Getting my empty nest back

I got up before the sun did this morning, a rarity on a Sunday, but I wanted to make breakfast for my daughter and her boyfriend before they left.  I miss cooking for her.  I don’t miss the mess she left behind in her room…wet towels on the floor, every item of clothing she wore in the last few days that didn’t go back to college with her was on the floor, the bed, the dresser…anywhere but in the closet  or drawer where it belonged.  I have seen so many positive changes in this, her second year of college.  But the messiness…well, I’m just  glad her roommate really likes her.
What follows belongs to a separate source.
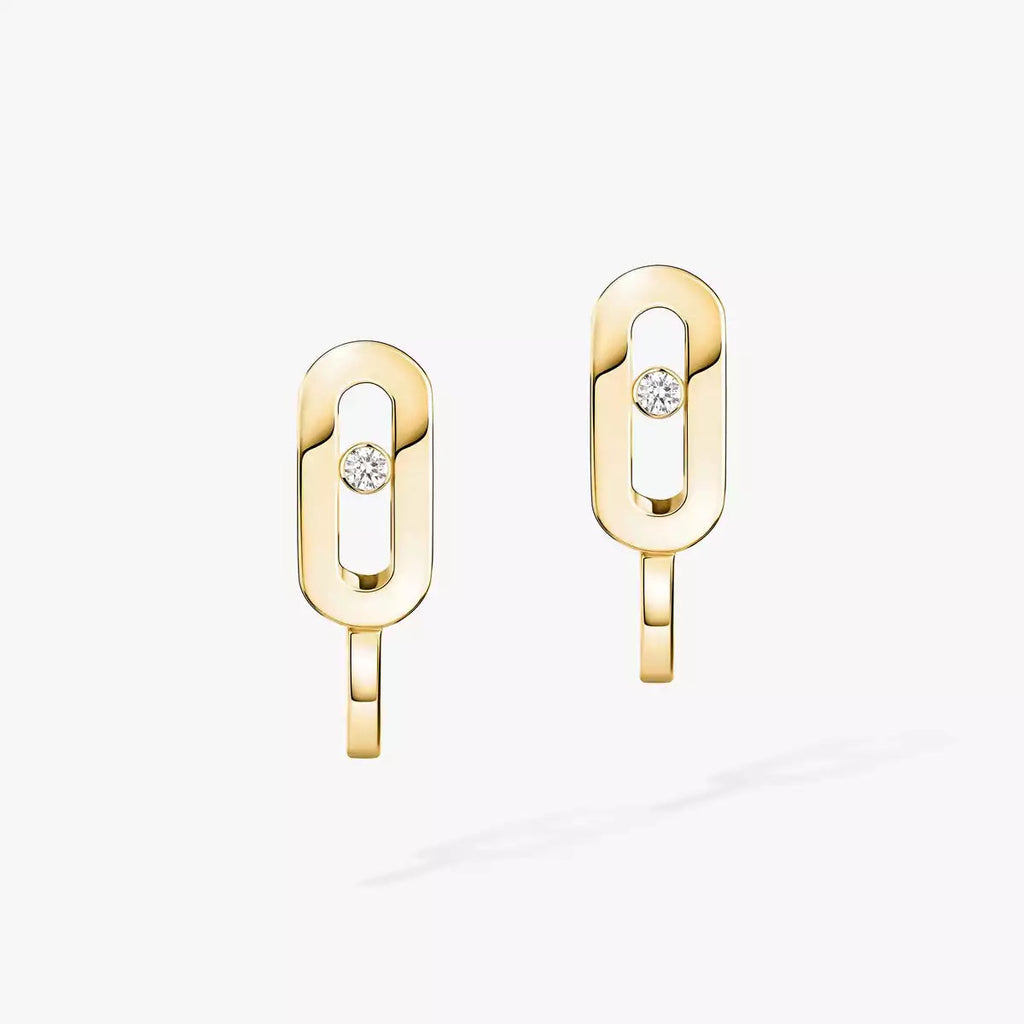 [Clover Jewelry]Diamond Mini Hoop Earrings Move Classique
But this was a good winter break.  We skied together, had many meals together, cuddled and watched movies, and had a lot of great conversations.  It feels more and more like the old H, before she pulled away her senior year, in anticipation of leaving the nest.  When that happened, I was devastated.  As an only child, she and I had an incredible relationship.  Friends warned me that when she left for college I was going to have a really hard time.  In actuality, after going through the “fouling the nest” period that we did during her senior year of high school, by the time she left for college I was almost ready for her to go.  My dreams of spending her last summer at home shopping together for her dorm room, having late night conversations about what she was about to experience, well, let’s just say, it didn’t happen.  I was not prepared for the eye-rolling, pulling away, and basically being completely shut out of her day to day life.  As she mentally prepared herself to move across the country, she had to mentally separate from me.  Although I understand that now, I didn’t then.  I recently received a phone call from a friend, a single father to a high school senior.  He remembered what I went through and is starting to go through it himself.  All I could really do was sympathize, and tell him that it WILL get better.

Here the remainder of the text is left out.